→ What the exercise asks
Output exactly the lines from the first line of the records below through the line containing "PLIANT TORAN: Flare", both included, leaving out any pictures.
···
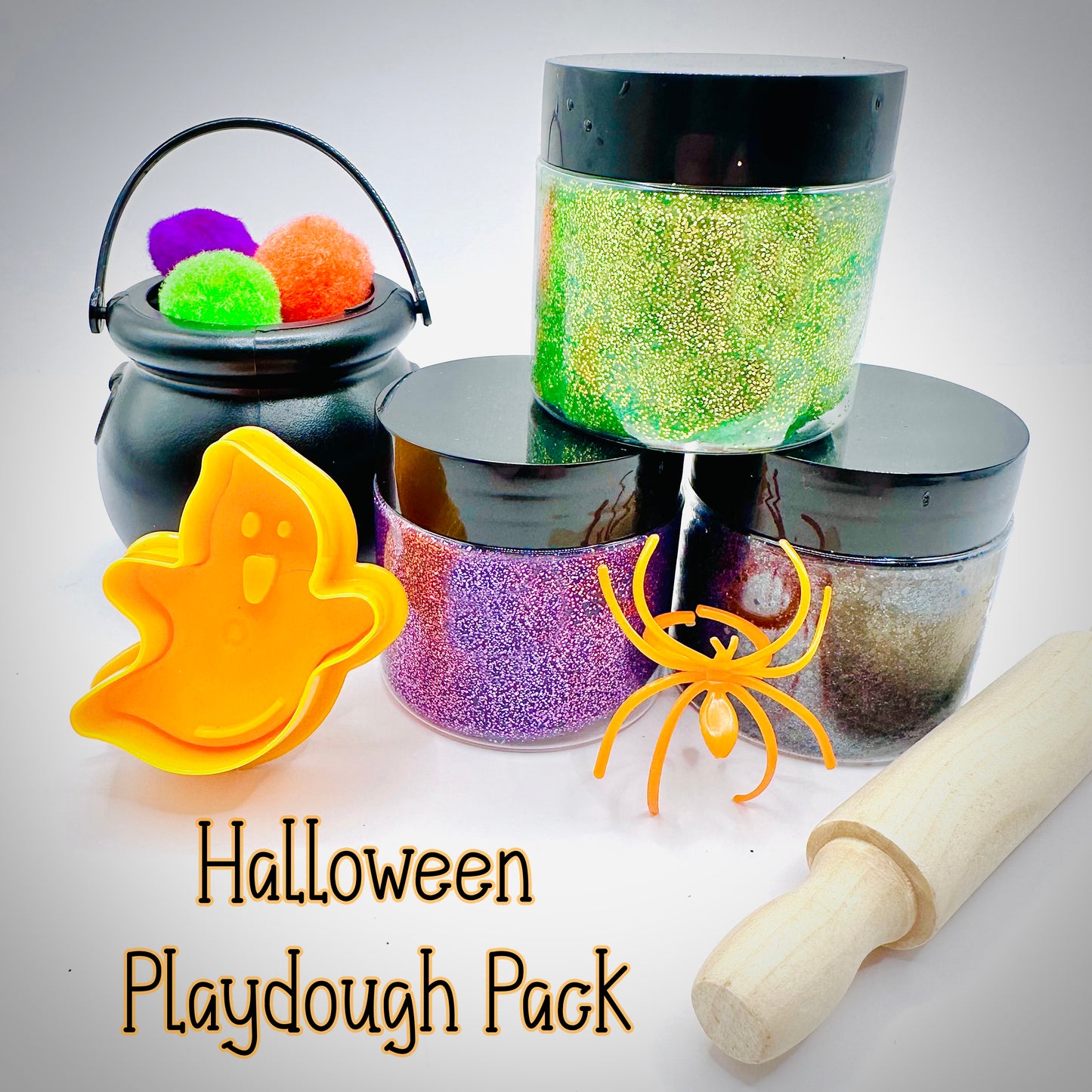 Load image into Gallery viewer, Halloween Playdough Pack Activity Toys Poppy and Pine Creations   
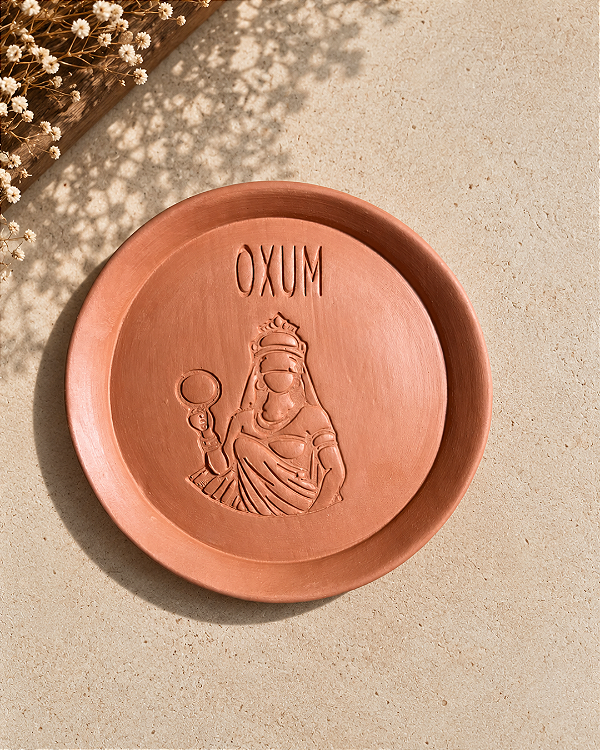 Pratinho Cerâmica - Oxum (12cm)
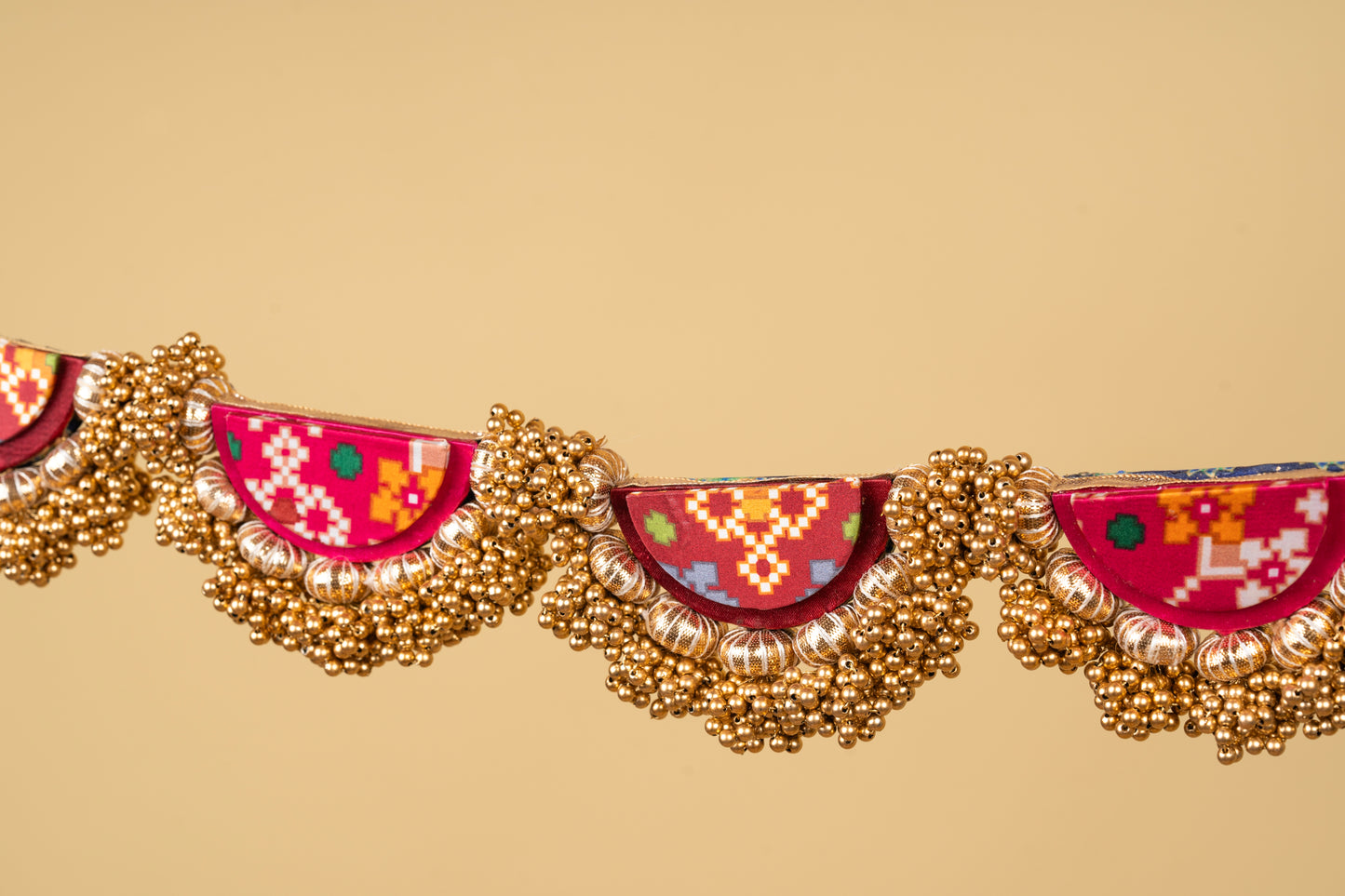 PLIANT TORAN: Flare MORBANI THANGAT KARE & Dual Tone Navratna Patola Toran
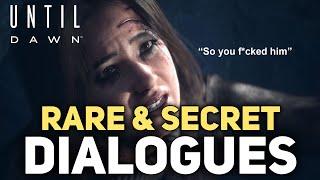 25 Secret & Rare Dialogues EVERYONE MISSED - Until Dawn Remake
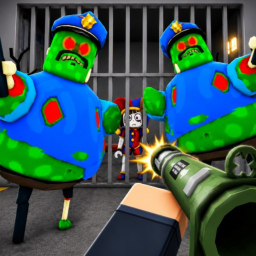 ZOMBIE POLICE PRISON RUN! (Obby) Roblox game icon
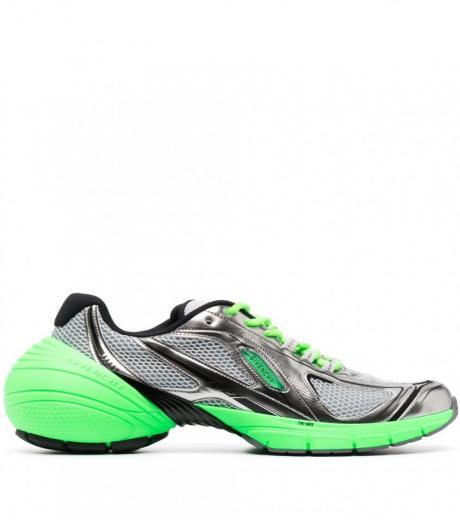 green tk-mx runner sneakers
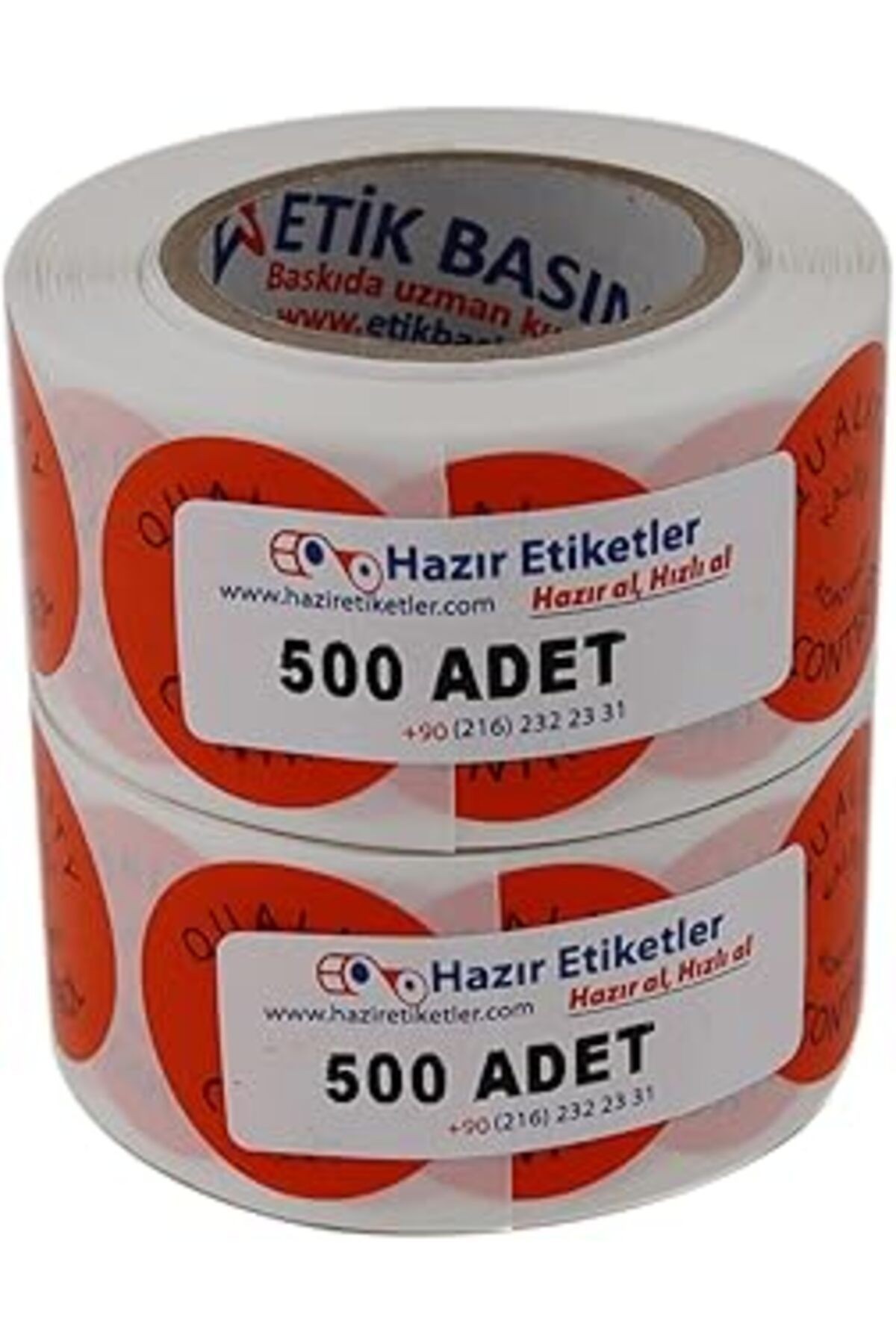 Hazır Etiketler , Hazır Al Hızlı Al Kalite Kontrol Etiketi 30Mm Çap Ruloda 500 Adet 2 Rulo Toplam 1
···
→ Your solution
 Load image into Gallery viewer, Halloween Playdough Pack Activity Toys Poppy and Pine Creations   
 Pratinho Cerâmica - Oxum (12cm)
 PLIANT TORAN: Flare MORBANI THANGAT KARE & Dual Tone Navratna Patola Toran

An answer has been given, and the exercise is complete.